Observation of Selective Plasmon-Exciton Coupling in Nonradiative Energy Transfer: Donor-Selective versus Acceptor-Selective Plexcitons
journal contributionposted on 10.07.2013, 00:00 by Tuncay Ozel, Pedro Ludwig Hernandez-Martinez, Evren Mutlugun, Onur Akin, Sedat Nizamoglu, Ilkem Ozge Ozel, Qing Zhang, Qihua Xiong, Hilmi Volkan Demir
We report selectively plasmon-mediated nonradiative energy transfer between quantum dot (QD) emitters interacting with each other via Förster-type resonance energy transfer (FRET) under controlled plasmon coupling either to only the donor QDs (i.e., donor-selective) or to only the acceptor QDs (i.e., acceptor-selective).

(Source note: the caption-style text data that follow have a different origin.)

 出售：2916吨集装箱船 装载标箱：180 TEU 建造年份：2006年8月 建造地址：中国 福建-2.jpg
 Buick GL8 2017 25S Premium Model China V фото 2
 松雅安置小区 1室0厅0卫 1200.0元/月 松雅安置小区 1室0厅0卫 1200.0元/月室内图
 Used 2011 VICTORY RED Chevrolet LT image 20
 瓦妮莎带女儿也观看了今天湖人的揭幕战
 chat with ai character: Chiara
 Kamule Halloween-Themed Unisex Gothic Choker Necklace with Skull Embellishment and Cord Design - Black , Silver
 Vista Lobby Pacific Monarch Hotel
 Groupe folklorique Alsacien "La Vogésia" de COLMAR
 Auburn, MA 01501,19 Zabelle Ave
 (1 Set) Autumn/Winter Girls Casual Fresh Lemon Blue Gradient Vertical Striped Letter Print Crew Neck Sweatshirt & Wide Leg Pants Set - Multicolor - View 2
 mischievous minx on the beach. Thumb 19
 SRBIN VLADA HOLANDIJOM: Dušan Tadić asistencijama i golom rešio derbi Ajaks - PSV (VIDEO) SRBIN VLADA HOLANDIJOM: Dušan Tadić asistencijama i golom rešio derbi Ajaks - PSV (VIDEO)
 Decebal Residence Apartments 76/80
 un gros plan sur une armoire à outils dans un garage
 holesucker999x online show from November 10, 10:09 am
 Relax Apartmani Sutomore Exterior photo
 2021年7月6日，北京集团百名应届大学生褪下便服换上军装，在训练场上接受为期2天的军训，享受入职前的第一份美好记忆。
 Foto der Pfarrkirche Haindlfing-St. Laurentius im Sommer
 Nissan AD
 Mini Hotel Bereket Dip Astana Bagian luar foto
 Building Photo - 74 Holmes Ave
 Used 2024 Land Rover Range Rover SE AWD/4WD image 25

Using layer-by-layer assembled colloidal QD nanocrystal solids with metal nanoparticles integrated at carefully designed spacing, we demonstrate the ability to enable/disable the coupled plasmon-exciton (plexciton) formation distinctly at the donor (exciton departing) site or at the acceptor (exciton feeding) site of our choice, while not hindering the donor exciton-acceptor exciton interaction but refraining from simultaneous coupling to both sites of the donor and the acceptor in the FRET process. In the case of donor-selective plexciton, we observed a substantial shortening in the donor QD lifetime from 1.33 to 0.29 ns as a result of plasmon-coupling to the donors and the FRET-assisted exciton transfer from the donors to the acceptors, both of which shorten the donor lifetime. This consequently enhanced the acceptor emission by a factor of 1.93. On the other hand, in the complementary case of acceptor-selective plexciton we observed a 2.70-fold emission enhancement in the acceptor QDs, larger than the acceptor emission enhancement of the donor-selective plexciton, as a result of the combined effects of the acceptor plasmon coupling and the FRET-assisted exciton feeding. Here we present the comparative results of theoretical modeling of the donor- and acceptor-selective plexcitons of nonradiative energy transfer developed here for the first time, which are in excellent agreement with the systematic experimental characterization. Such an ability to modify and control energy transfer through mastering plexcitons is of fundamental importance, opening up new applications for quantum dot embedded plexciton devices along with the development of new techniques in FRET-based fluorescence microscopy.